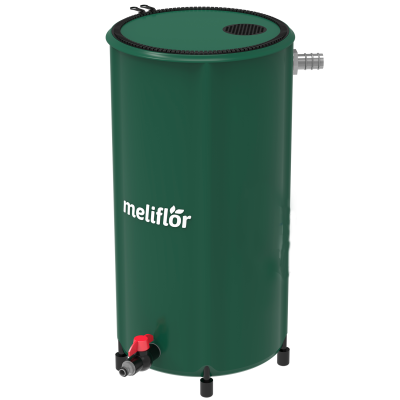 Recipiente cilíndrico verde Meliflor com torneira vermelha e base preta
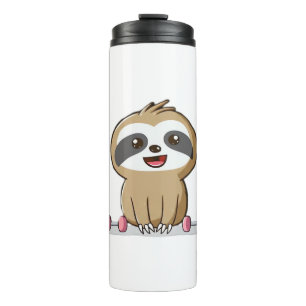 Cute Chibi Sloth Workout � Funny Kawaii Gym Animal Thermal Tumbler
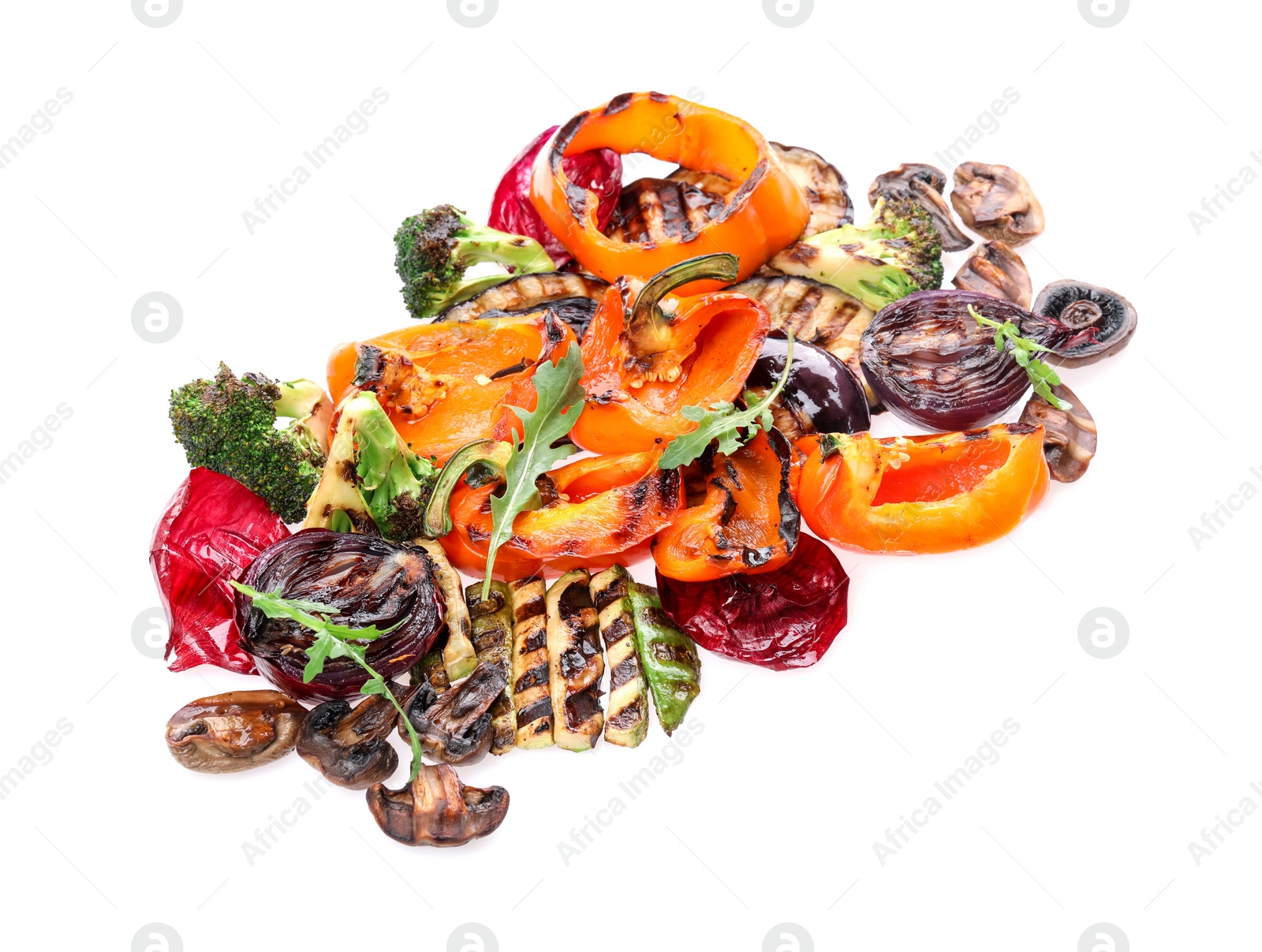 Photo of Different delicious grilled vegetables isolated on white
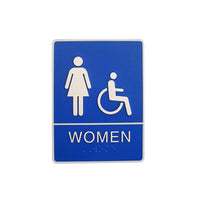 Futech Woman and Handicap with Braille Washroom Sign - Blue - 2 Pack-6"W x 8"H x 1-1/4"D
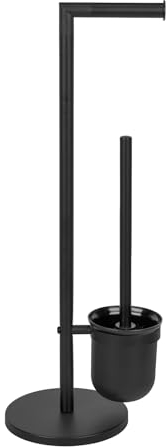 WENKO Stand WC-Garnitur Parus, Toilettenpapier-Halter & WC-Bürstenhalter inkl. Bürste, lackierter Stahl, Schwarz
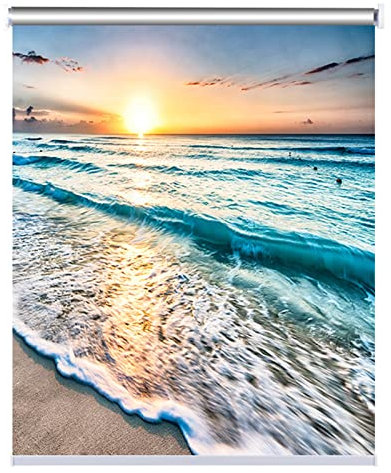 Verdunkelungsrollo mit Strandblick-Design, ideal für Küche/Schlafzimmer/Badezimmer, 60 x 140 cm breit, 60 x 180 cm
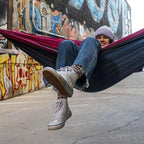 GRAND TRUNK TrunkTech Double Hammock | Ultra-Strong & Lightweight | 11 ft Hammock with Ripstop Nylon | 500 lb Capacity | Fast-Drying & Weather-Resistant | Olive Green/Khaki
----------------------------------------
→ **EXERCISE DETAILS**: Without the pictures, repeat the line with "Cute Chibi Sloth" and every line after it to the end of the listing, and nothing else.

→ **REPLY**:
 Cute Chibi Sloth Workout � Funny Kawaii Gym Animal Thermal Tumbler
 Photo of Different delicious grilled vegetables isolated on white
 Futech Woman and Handicap with Braille Washroom Sign - Blue - 2 Pack-6"W x 8"H x 1-1/4"D
 WENKO Stand WC-Garnitur Parus, Toilettenpapier-Halter & WC-Bürstenhalter inkl. Bürste, lackierter Stahl, Schwarz
 Verdunkelungsrollo mit Strandblick-Design, ideal für Küche/Schlafzimmer/Badezimmer, 60 x 140 cm breit, 60 x 180 cm
 GRAND TRUNK TrunkTech Double Hammock | Ultra-Strong & Lightweight | 11 ft Hammock with Ripstop Nylon | 500 lb Capacity | Fast-Drying & Weather-Resistant | Olive Green/Khaki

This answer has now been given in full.